Yeah it was great. I’m also curious, obviously your relationship with Judd Apatow goes back to Freaks and Geeks, but what is your working relationship like when working on a film like that?

It’s great, we have such a short hand with each other, even from before Freaks and Geeks we were stand-ups with each other, we’ve been friends forever. So we’re really in sync, style-wise. But the exact process on this is, you have this script that the girls wrote, and then when I came on board we had to get ready for production, and so we went in and kind of worked the script hard. And Annie was always with us, Kristin was doing SNL so she would always give her reports and send her stuff, and get her to weigh in. Then we just kind of tore into it and were really kind of hard on the structure of it and making sure that the story, the character arc was working, which was going through real things and making it the strongest, being really tough on it, and then once we had that set, let’s work on the set pieces. So he would, we would come into these meetings and we’d all kind of brainstorm, and then we would, he would go off to work on other stuff but we’d kind of go and regroup and write stuff, write different versions and bring it back. It was just because kind of that constant vetting and getting stronger, and then throwing it to the women in the improv sessions and hear them, we’d work with them. It helped inform us what we needed, and he’s really great at going, “Well here’s what you don’t have, here’s what you need. Here’s the problem with this scene, it doesn’t have, this is not occurring, or she needs to be worried about this.”
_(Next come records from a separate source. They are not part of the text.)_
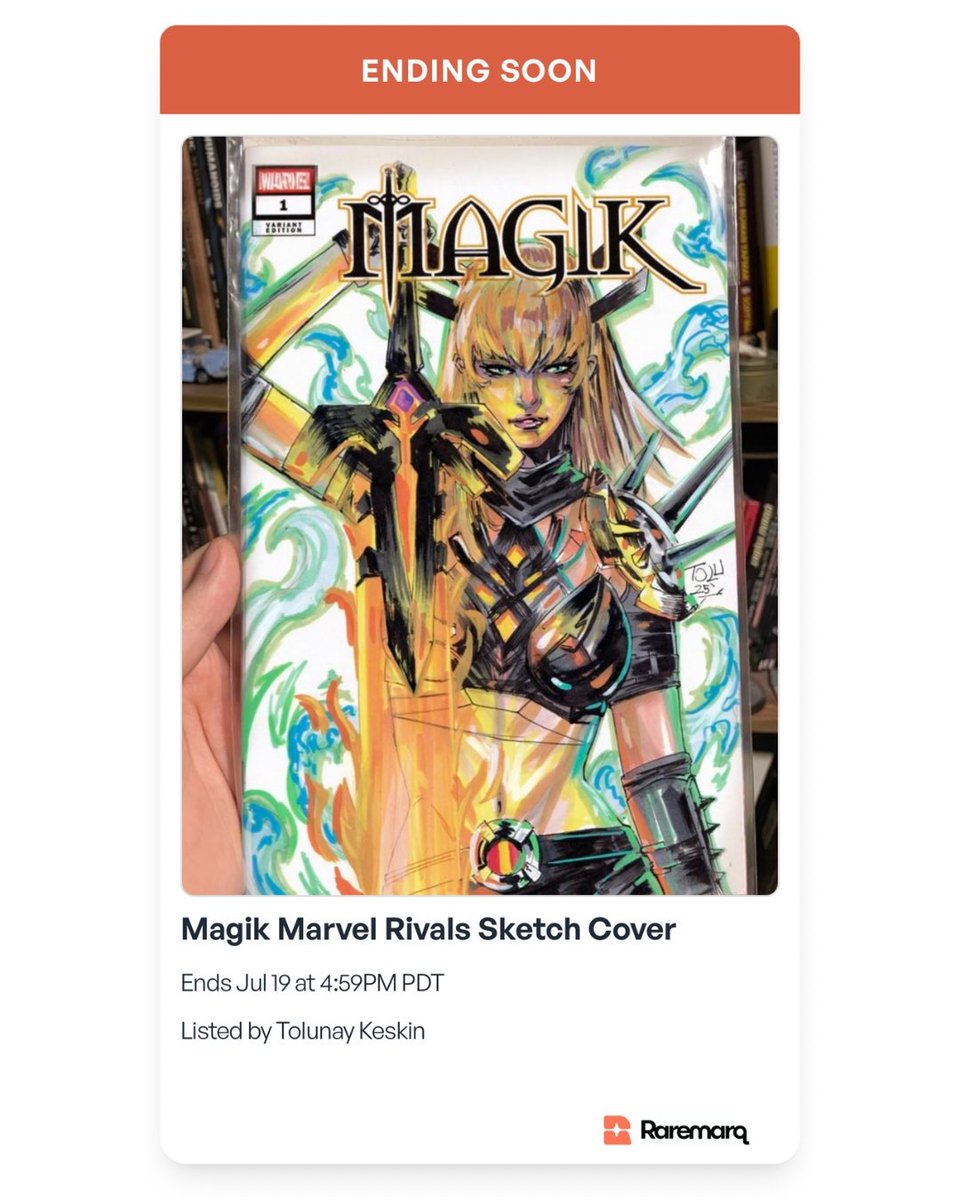 raremarq's tweet image. Two epic pieces by the talented Tolunay Keskin are ending today - Magik and She-Hulk! Don’t miss your shot to own these stunning pieces of Marvel art!
Auctions end July 19, 2025 at 4:59pm PDT
raremarq.com/u/tolunay
#magik #shehulk #marvelcomics #sketchart
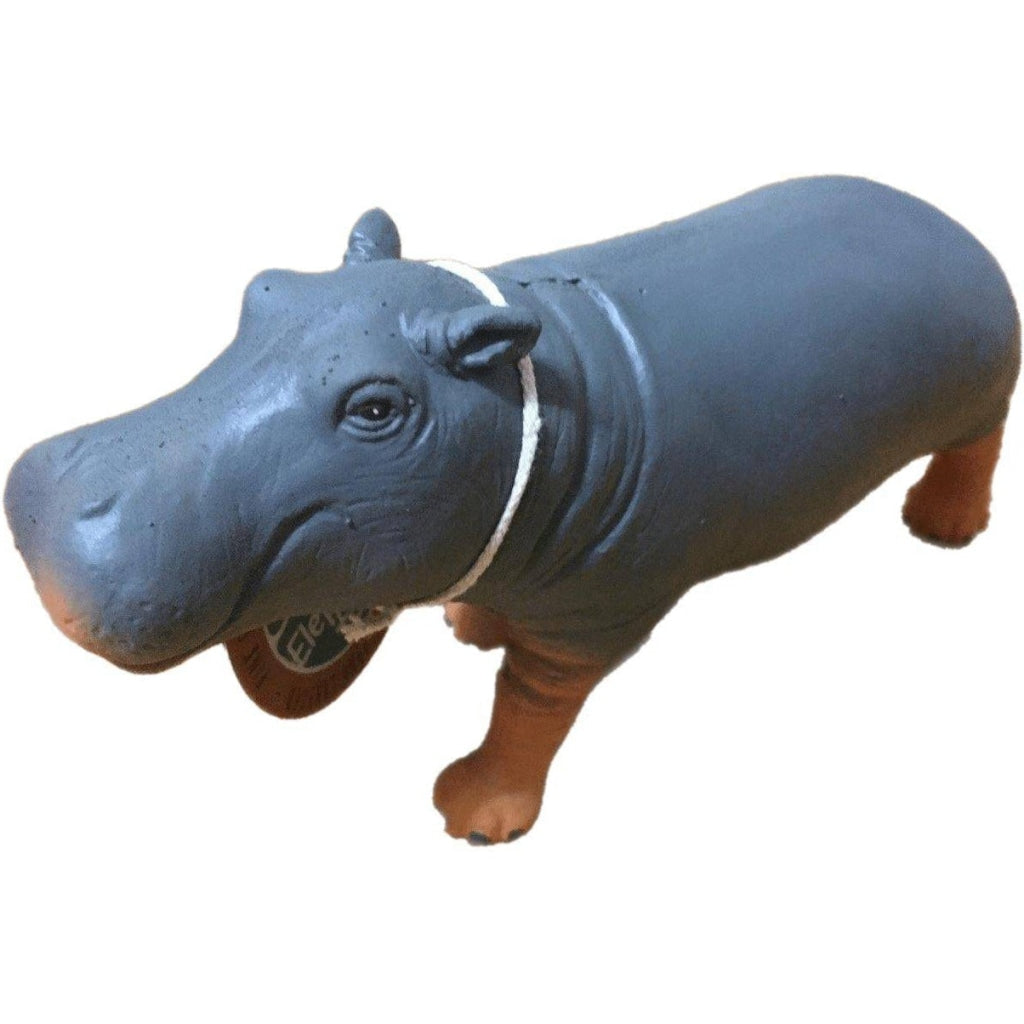 Natural Rubber Toy - Hippo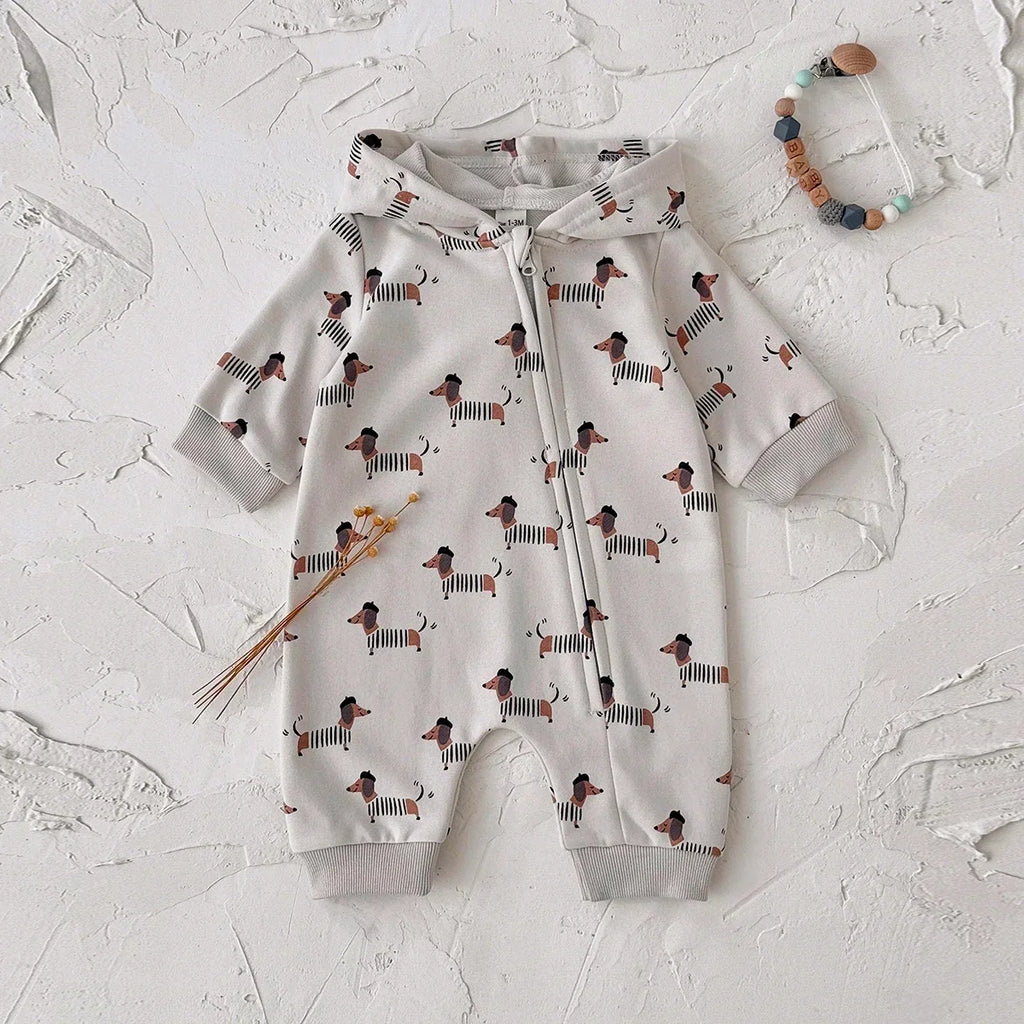 אוברול עם כובע חמוד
Is that something you’ve seen from the beginning, when you first started working with him or is it something that’s just built through experience?

No, no. He was always, on Freaks and Geeks it was the same way. That was a very personal story to me and I would write things and he would always come in and go, “Well here’s what you’re missing. Here’s what you need.” And it was always about trying to make it so it would be very different and what I love about working with Judd, is he’ll, he’s great at coming up with the curveball ideas that are hard to execute but I love the challenge, like, “Oh cool, I think I know how to do that.” So then I’ll run off and kind of write it up, and then I’ll go, “Well what do you think?” and then we’ll kind of go back and forth. We always had fun. Freaks and Geeks was a lot like that.

Is there any way that you could possibly team up on another, is there another TV series in the future, maybe?

Possibly, yeah. I’m very open to it. I’ve developed a bunch of stuff that hasn’t gone, but I keep waiting for that one idea where you’re just like, “Yes, this is the one.” Freaks was like that, it was just such a personal, I was so driven to do it. There’s a few ideas I have right now but I’m still waiting for that one. I’m having fun doing movies and Judd and I are gonna do another one together.

Can you talk about it?

Well, it’s top secret, but it’s an idea I had based on a couple of the characters, a couple of the actors from our movie.

From Bridesmaids? Is it going to be like a spin-off?

No. It’s strictly because I liked the performers so much.

From the outside looking in, this comedy, it’s a wedding comedy, you have an all-female cast, it’s a film called Bridesmaids. Did you ever at any point get flak from some friends that said like, “What are you doing?”

It was a year of having to, “Oh what are you working on?” “This movie.” “What’s it called?” “Bridesmaids”. “Oh.” And always that look of like, “Oh. That sounds shitty.” And I would have to go through this whole thing of like, we call it Bridesmaids because when we do the poster it will be different, and we have the brick wall posters. It’s everything we want, when you see the artwork together you realize, okay, we’re putting a twist on this stuff. But it was literally just a year of, I almost didn’t want to tell people what I was working on. And then honestly, everyone loves Kristen Wiig, but they would hear it was a starring vehicle for Kristen, and they would always automatically assume that it was the target lady movie or something. So it’s interesting knowing what’s coming to, you’re like, get ready, it’s not what you think it is but then kind of always having to see the, “Oh, okay, I think I know what that is.” Even when you get on the internet with people watching the trailers, like these snarky comments kind of like, they think they know what it is, and you’re like, “What you think it is, is exactly not what it is.”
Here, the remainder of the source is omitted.